Who's Behind the New Iron Curtain?
“The center of gravity of international affairs is importantly shifting from the Atlantic to the Pacific and Indian Oceans.” Henry Kissinger
“The US won’t be the world’s leading superpower. A handful of countries will dominate. Western values will have been tested to the breaking point.” – World Economic Forum – 8 predictions for the World in 2030
“The world problematique formulated by the Club of Rome is not only global in nature, involving factors traditionally considered as unrelated, but also points to the crisis situations which are developing in spite of the noblest of intentions and, indeed, as their corollary. To point out the problematique and the spectrum of critical and traumatic situations it entails is not enough; the acceptance of the reality of the problematique must be followed by changes if the concern is not to remain purely academic.

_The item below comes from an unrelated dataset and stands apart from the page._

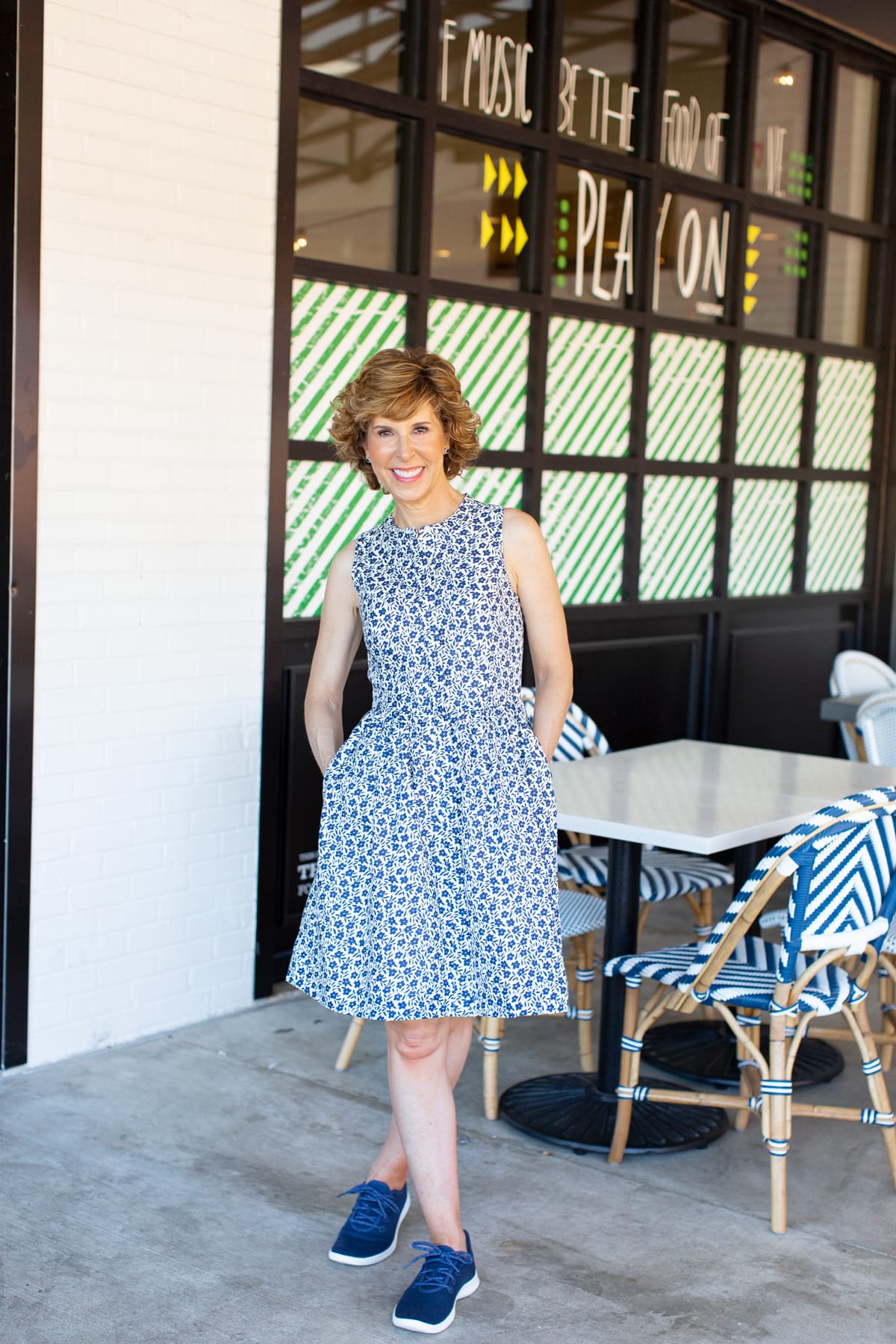 woman in blue floral dress on a restaurant patio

It is necessary, therefore, to present the issues within the problematique in specific and relevant terms which requires regional interpretation of the global issues. Furthermore, a basis should be provided for the resolution of conflicts (inevitably accompanying the problematique-type situations) through cooperation rather than confrontation. These factors have provided the motivation for initiation of the Strategy for Survival project which calls for the construction of a regionalized and adaptive model of the total world system with the following specific objectives: (1) To enable the implementation of scenarios for the future development of the world system which represent visions of the world future stemming from different cultures and value systems and reflecting hopes and fears in different regions of the world. (ii) To develop a planning and options-assessment tool for long-range issues, and thereby to provide a basis for conflict resolution by cooperation rather than confrontation.” - REGIONALIZED AND ADAPTIVE MODEL OF THE GLOBAL WORLD SYSTEM Report on the Progress in the STRATEGY FOR SURVIVAL PROJECT of the Club of Rome, Mihajlo Mesarovic and Eduard Pestel, Directors.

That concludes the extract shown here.